Saat Dean kembali ke kamar, senyum perlahan di wajahnya mulai terbit, seketika rasa Gundah yang sempat menguasai pikiran nya tadi lenyap begitu saja ketika mata nya menangkap sosok sang istri.
Rea sudah berganti pakaian menggunakan dress selutut berwarna purple tanpa lengan sederhana namun manis, rambutnya yang di biarkan tergerai menambah kesan lembut ,polos dan cantik di wajahnya, pemandangan itu cukup membuat Dean lupa akan beban yang tadi menekan dadanya.
" Aku sudah siap Mas." ucap Rea sambil tersenyum kecil. " semua nya sudah beres tidak ada yang tertinggal, ayok kita pamit sama ibu."
Dean menatap istrinya dengan tatapan penuh kagum, senyum lebar menguasai wajahnya. " Ya dek, Mas juga sudah tidak sabar ingin cepat cepat sampai rumah." balasnya dengan hangat.
Dean lalu menyeret koper mereka, sementara tangan sebelah nya menggenggam tangan Rea dengan lembut, bersama mereka keluar dari kamar.
" Bu, Rea pamit ya." ucap Rea dengan lembut sambil memeluk tubuh ibu mertua nya. " Jaga diri ibu baik baik ya, insyallah Rea akan sering sering ke sini menjenguk ibu, do'a kan rumah tangga Rea dan Mas Dean selalu di ridhoi Allah ya Bu."
Bu Dea membalas pelukan itu dengan penuh kasih . " iya sayang, ibu akan selalu mendoakan yang terbaik untuk kalian berdua, jangan sungkan untuk menghubungi ibu kalo terjadi apa apa ya nak."
Beliau lalu mengecup kening Rea dengan lembut sebelum beralih menatap putranya.
Dean menunduk hormat, lalu mengecup tangan ibu nya. " Do'akan kami Bu ." ucap nya singkat namun hangat.
Bu Dea tersenyum, meski senyum itu menyimpan ke khawatiran yang tak bisa dia sembunyikan sepenuhnya , dia menatap anak dan menantunya menuju mobil lalu masuk dan bersiap meninggalkan rumah.

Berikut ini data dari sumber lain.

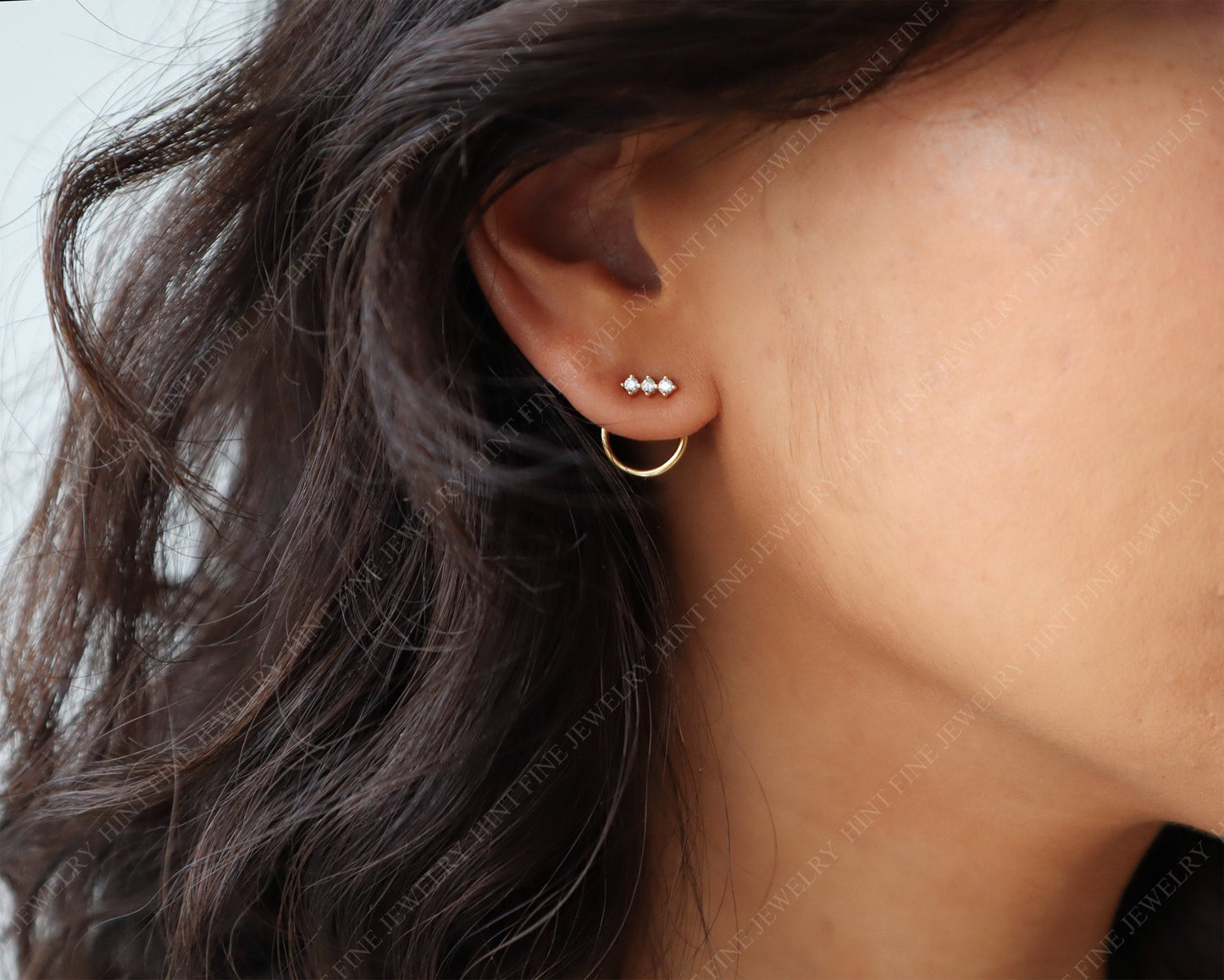 WaterProof-Dainty Front Back Circle  Earrings, Ear Jacket, Dainty Studs, 18k gold sterling silver CZ Diamond Studs, Dainty CZ Studs Earrings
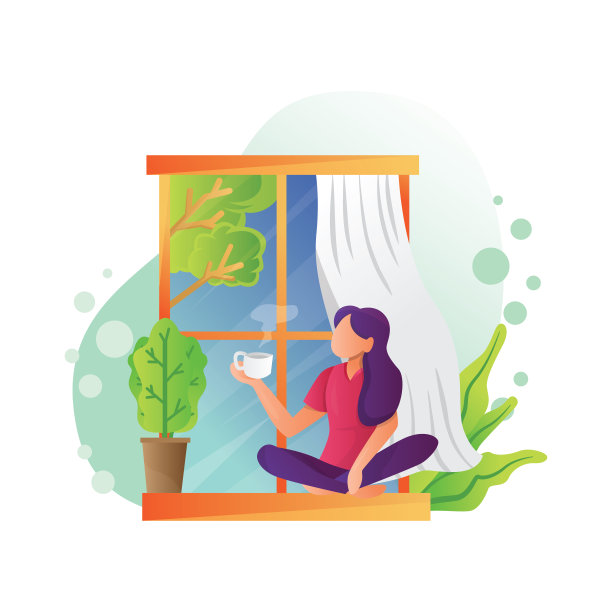 插图的女孩喝咖啡在一个窗口，呆在家里插图平面风格设计孤立的白色背景图片下载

Saat mobil itu perlahan melaju keluar dari halaman, Bu Dea masih berdiri di depan pintu, tatapannya mengikuti kendaraan yang kini semakin melaju.
Helaan nafas keluar dari bibirnya.
" Semoga saja Dean menepati janji nya itu." ucapnya dengan lirih. " Dan semoga dia bisa lepas dari wanita murahan itu sebelum semua nya terlambat."
Bu Dea menatap kosong ke arah gerbang yang kini sudah tertutup kembali, berharap doa dan peringatannya bisa benar benar menyelamatkan rumah tangga sang putra.